GPIO and Peripheral Differences
Board choice is not only about the chip. The exact module or development board determines how many GPIO pins are actually available, which pins are safe to use and what onboard hardware is included.
- ESP8266 modules often expose fewer usable pins
- Classic ESP32 boards usually provide more GPIO and more peripherals
- ESP32-C3 boards are compact and may expose fewer pins depending on package and board layout
- ESP32-C6 boards vary by package and module design
Before designing a PCB or wiring a larger project, always check the exact board pinout. ESP boards often have bootstrapping pins and special-function pins that must be used carefully.
Analog Inputs
ESP boards include ADC inputs, but they are not always ideal for precision measurement. The ESP8266 has a very limited ADC compared with ESP32 devices. ESP32-family ADCs are more flexible, but accuracy can vary and calibration may be needed.

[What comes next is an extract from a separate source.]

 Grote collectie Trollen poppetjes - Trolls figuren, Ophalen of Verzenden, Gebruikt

- ESP8266 has very limited analog input capability
- Classic ESP32 has multiple ADC channels, but ADC2 has WiFi-related limitations on some versions
- ESP32-C3 and ESP32-C6 provide ADC capability depending on package and board
- Use an external ADC module for precision measurements
For accurate voltage measurements, current measurements or sensor readings, an external ADC such as ADS1115 can be a better solution than relying only on the internal ADC.
Power Supply Requirements
All ESP8266 and ESP32 devices require a stable 3.3V supply. WiFi transmission can cause short current peaks, so weak regulators, long wires or poor USB cables can cause resets and unreliable behavior.

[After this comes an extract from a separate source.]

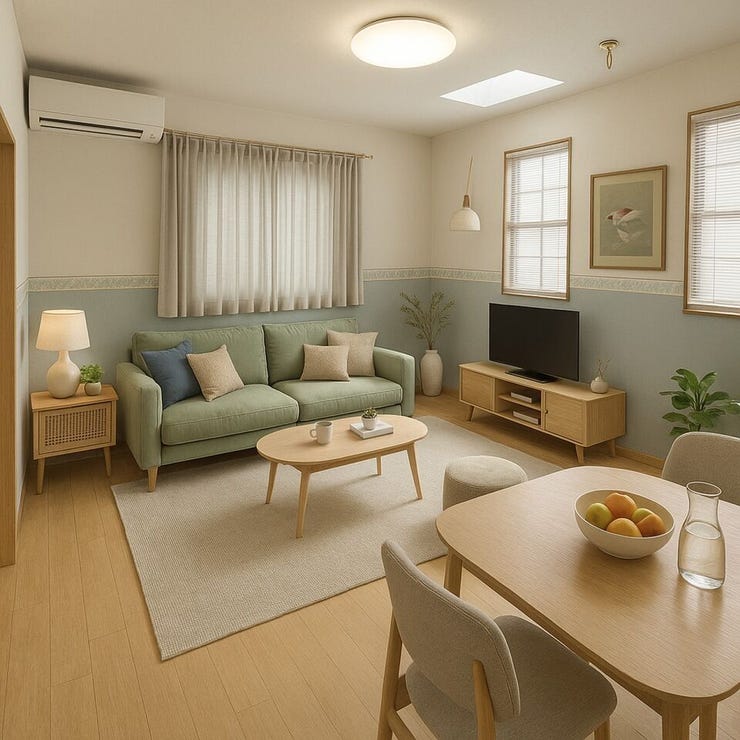 【Living room】※室内写真の家具・小物はCGでのイメージです。現況を優先いたします。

- Use a stable 3.3V regulator with enough current capacity
- Add proper decoupling capacitors near the module
- Do not power ESP modules from weak 3.3V pins on older Arduino boards
- Use short power wires for prototypes when possible
- Watch for brownout resets during WiFi activity
Many ESP problems that look like software problems are actually power supply problems.
3.3V Logic Only
ESP8266 and ESP32 GPIO pins use 3.3V logic. They should not be treated as 5V Arduino pins.

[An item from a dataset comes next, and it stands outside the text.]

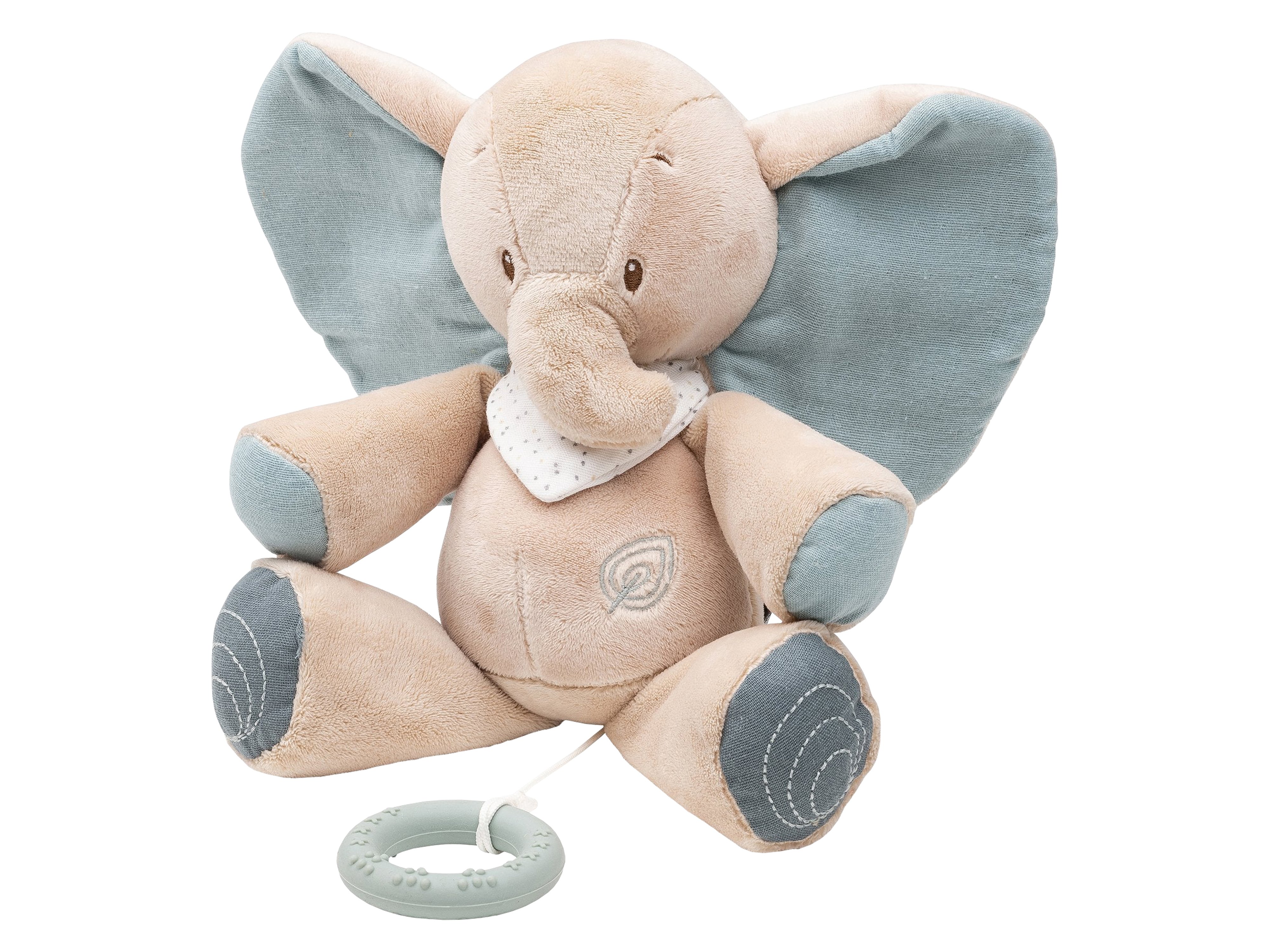 Nattou Axel & Luna Musical Cuddly Elephant, 30 cm, 1 stk.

- Do not connect 5V signals directly unless the board documentation clearly allows it
- Use level shifting when connecting to 5V logic
- Use proper drivers for relays, motors, solenoids and high-current LEDs
- Do not power external loads directly from GPIO pins
This is especially important when upgrading an older Arduino UNO project to an ESP board.
Arduino IDE and Development Tools
All four platforms can be used with the Arduino IDE, although board package setup is required. ESP32 devices can also be developed with Espressif’s ESP-IDF, which gives more direct access to advanced features.
| Software Topic | ESP8266 | Classic ESP32 | ESP32-C3 | ESP32-C6 |
|---|---|---|---|---|
| Arduino IDE support | Very mature | Very mature | Very good | Good and improving with newer board support |
| ESP-IDF support | Not the main modern ESP-IDF target | Excellent | Excellent | Excellent for advanced development |
| MicroPython | Available on many boards | Available on many boards | Available on many boards | Support depends on firmware and board maturity |
| ESPHome | Common for many simple devices | Very common | Common | Useful for newer ESPHome-supported boards and smart-home projects |
ESP8266 vs ESP32-C3
For many simple new WiFi projects, ESP32-C3 is the more modern alternative to ESP8266. It adds Bluetooth LE, a newer architecture and a more modern ESP32 software ecosystem.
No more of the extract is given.